Another J Name I Now Resent by Alice Foxall

Creative Writing

This work was first published in Spread the Word’s Young Writers Collective Anthology, 2025. This anthology stands as a testament to the courage, creativity, and growth of a remarkable group of young poets who have spent seven months exploring the power of language and self-expression. The anthology is more than a collection of poems—it is a celebration of emerging voices, of stories told with boldness and vulnerability.
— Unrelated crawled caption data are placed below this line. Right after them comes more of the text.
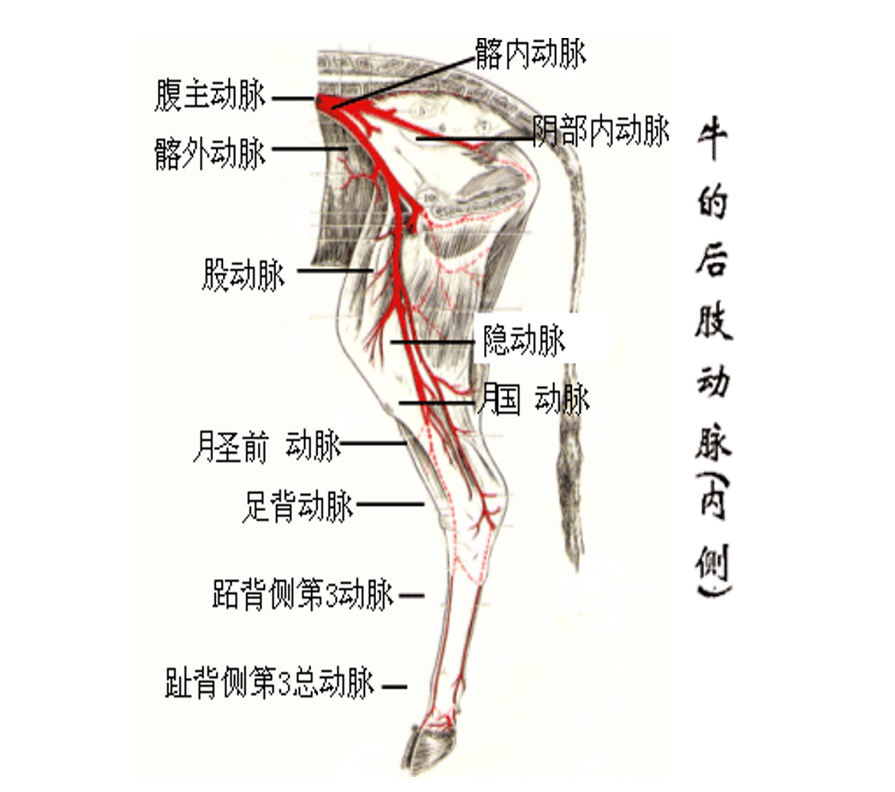 牛的后肢动脉（内侧）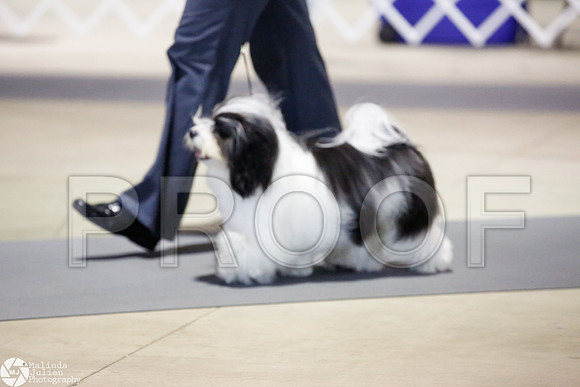 _JJ_2826-SanAntonioJul2014-HR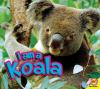 I_am_a_Koala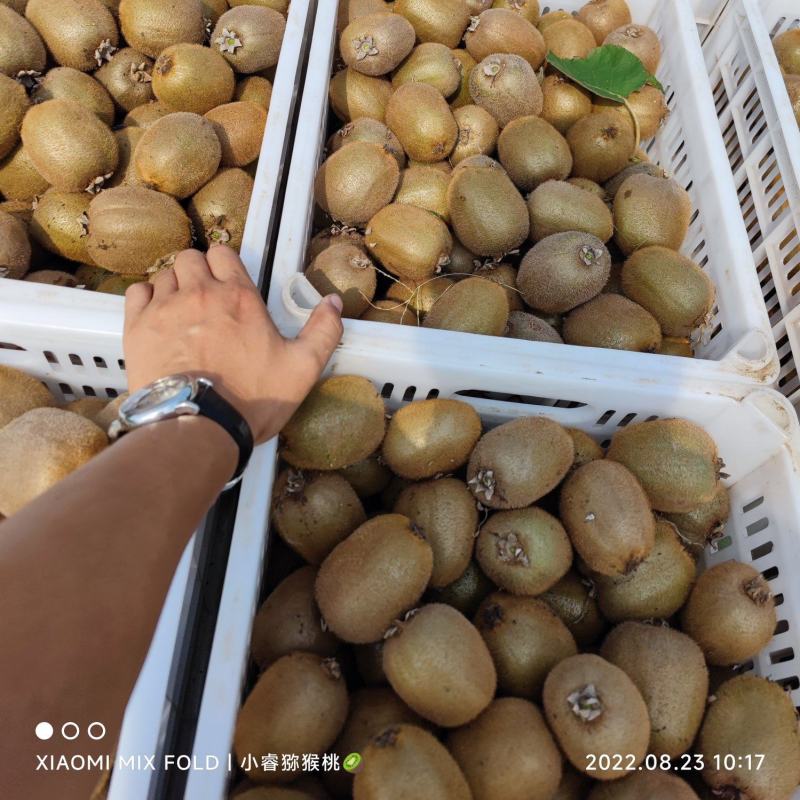 海沃德猕猴桃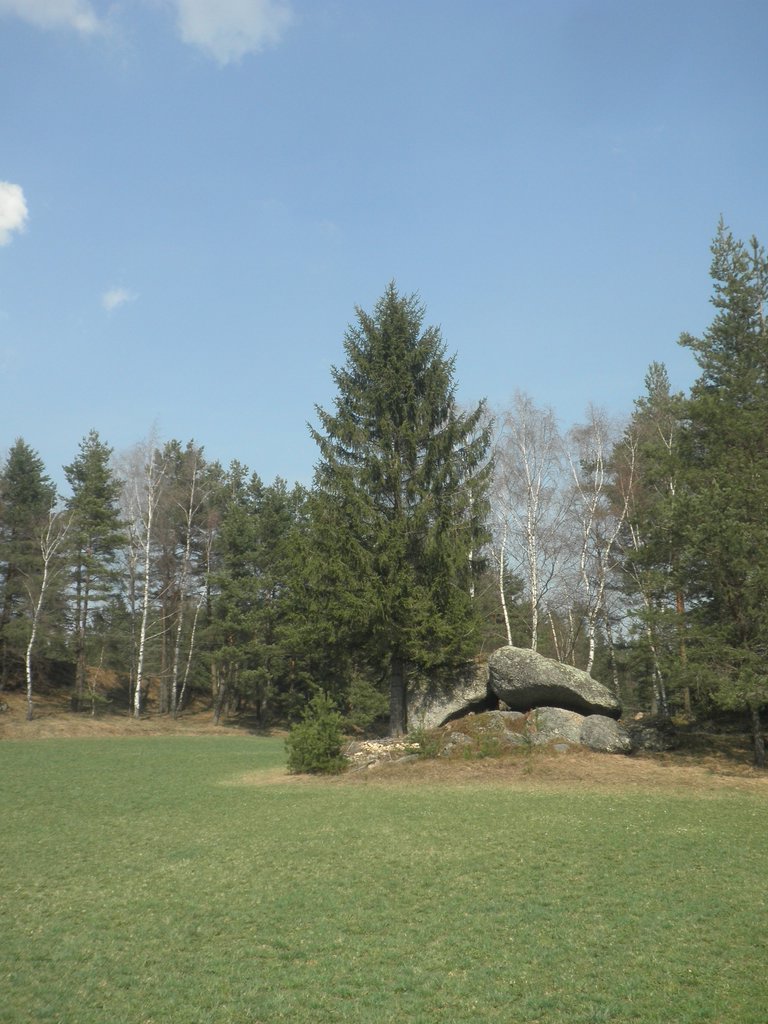 P4210128.JPG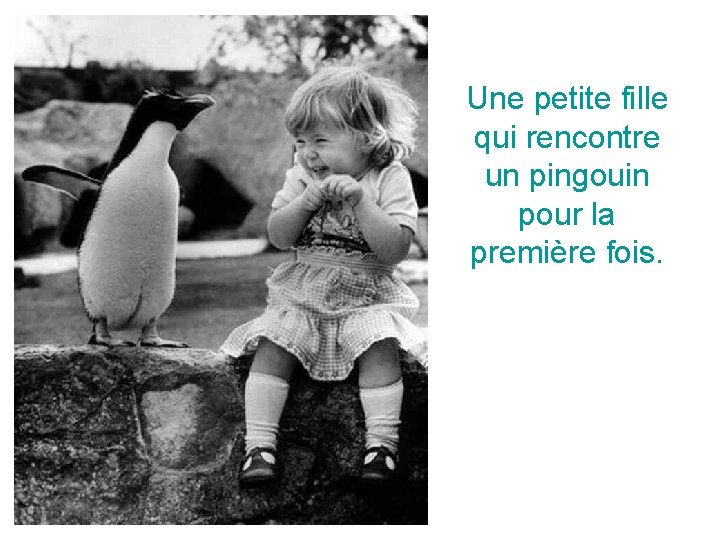 Une petite fille qui rencontre un pingouin pour la première fois. 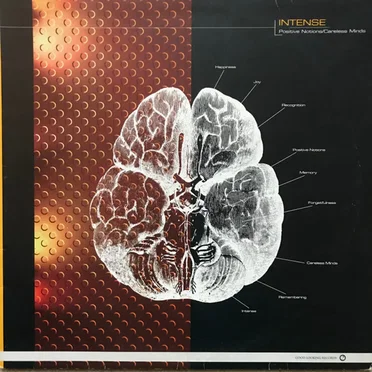 Positive Notions / Careless Minds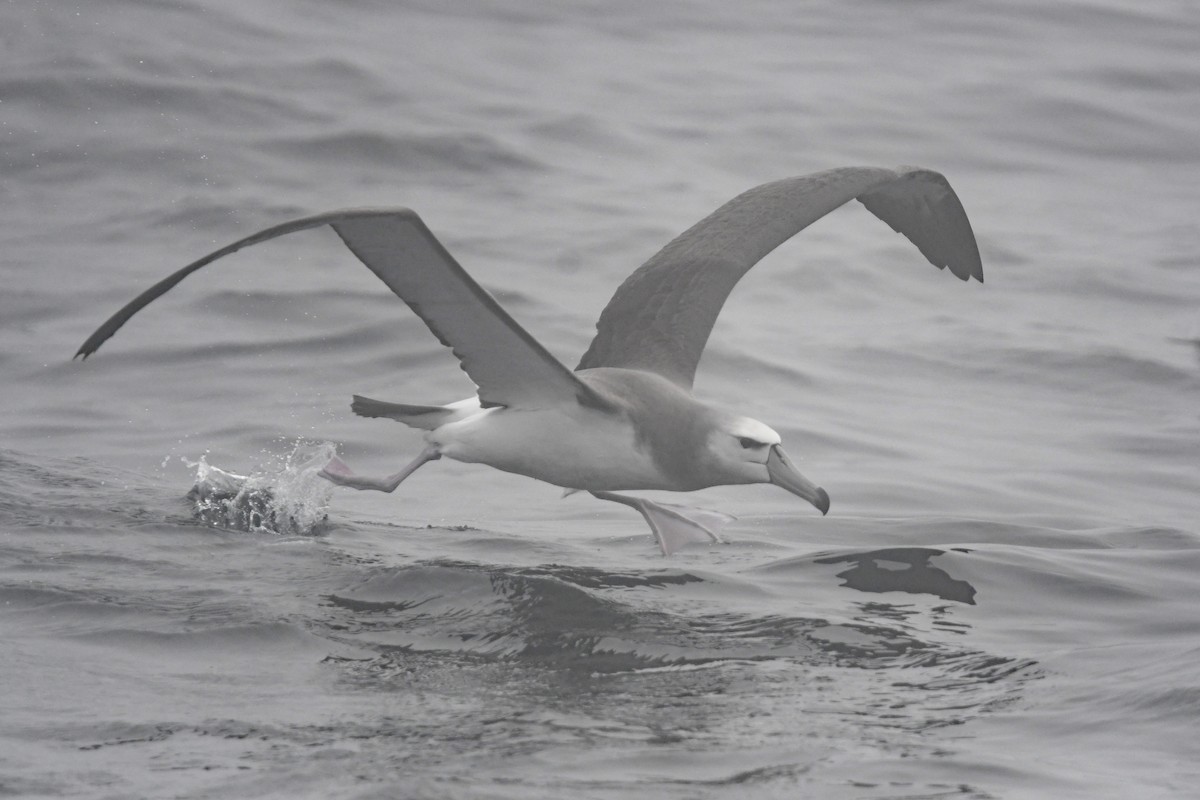 ハジロアホウドリ - ML636479283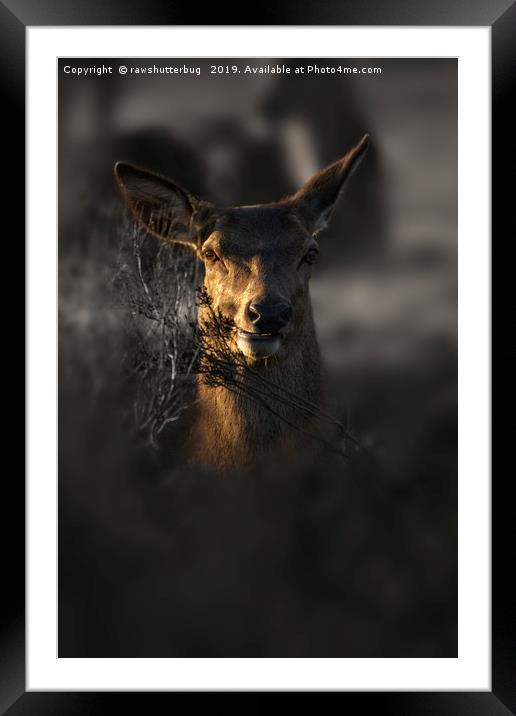 Red Deer Hiding In The Undergrove Framed Mounted Print by rawshutterbug 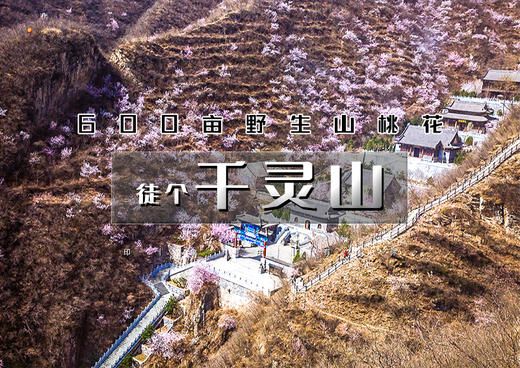 1日｜千灵山｜600亩山桃花の京西南第一崇山千灵山-芦潭古道13公里<初级> 商品图0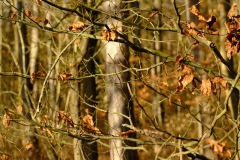 TonKlangLichterDECEMBER-18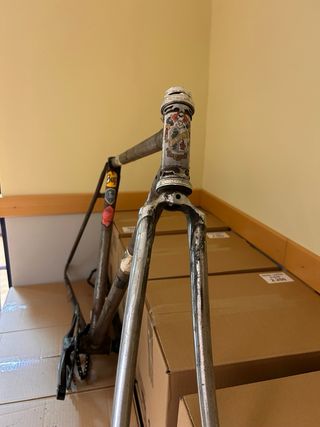 Cuadro Fixie/Ciudad Completo talla s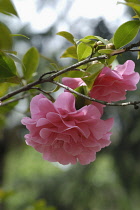 Camellia.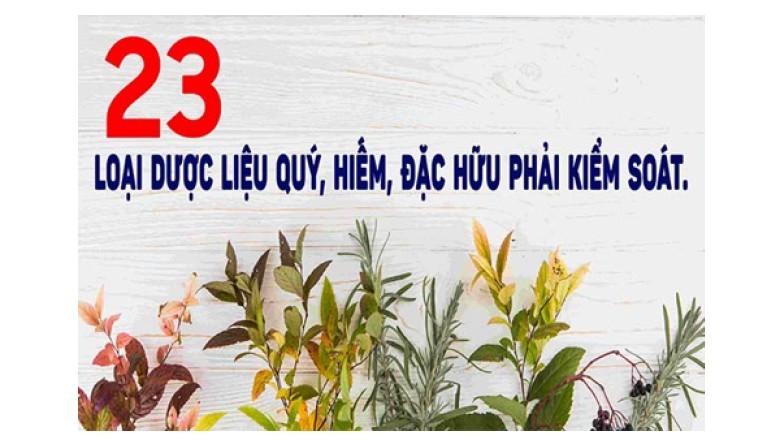 23 Cây Dược Liệu Quý Hiếm: Tinh Hoa Y Học Cổ Truyền Việt Nam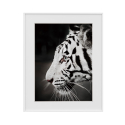 Zwart-wit fotoprint tijger dier 40x50cm Variety Harimau Verkoop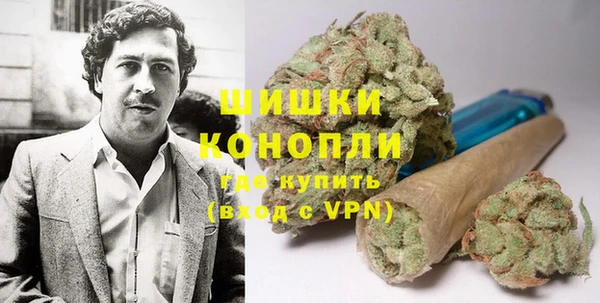 spice Верея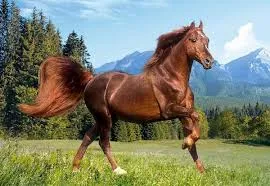 Cum merge calul mod de cowboy (mers pe jos) Cum merge modul în care cowboy cal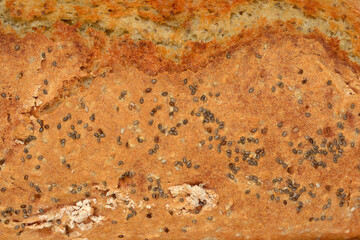 A close-up texture shot of a rustic, freshly baked whole-grain bread loaf generously topped with chia seeds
All of the poems can be read here on our website, or you can download the Young Writer’s Collective Anthology to read as a PDF.

 

Another J Name I Now Resent by Alice Foxall

I never liked your Spotify playlists
or your unkept hair

never liked the melody of your words
as you tried to lie politely.

I never liked the movies
or the late-night calls

never liked how clammy your hands made mine as
you clasped them in the dark.

Like electrons repulsed by the charge of each other
we are parallel lines

glancing in each other’s direction
destined never to coincide and
I’m completely content.
 

But since you ask,
I still smell it.

The stench of selfishness and solitude
follows you like the flu.

People call you brother, son, friend
but your soul is used and tarnished
like the car you crashed last year
trying to find yourself.

Do they know?  

You stick to my memory like spider webs tangled
between my tendons.

I tell myself
that you will be the one to cave in
Becoming nothing but dust and aching
You will.

youwillyouwillyouwillwillyou
Look to me with eyes ice blue

as they all leave you the way you left me.  

Reach for me one final time
and I will come running.
 

About Alice Foxall

Alice (she/they) is a multidisciplinary artist based in London. Having studied biomedical science at university her work is often sci-fi inspired. Her dystopian short stories and poetry podcast, The Project, was released in collaboration with Roundhouse this year. Her short film on being mixed-race and cultural dysphoria is currently being shown at the Migration Museum until Spring 2025. These themes are becoming more apparent in her work.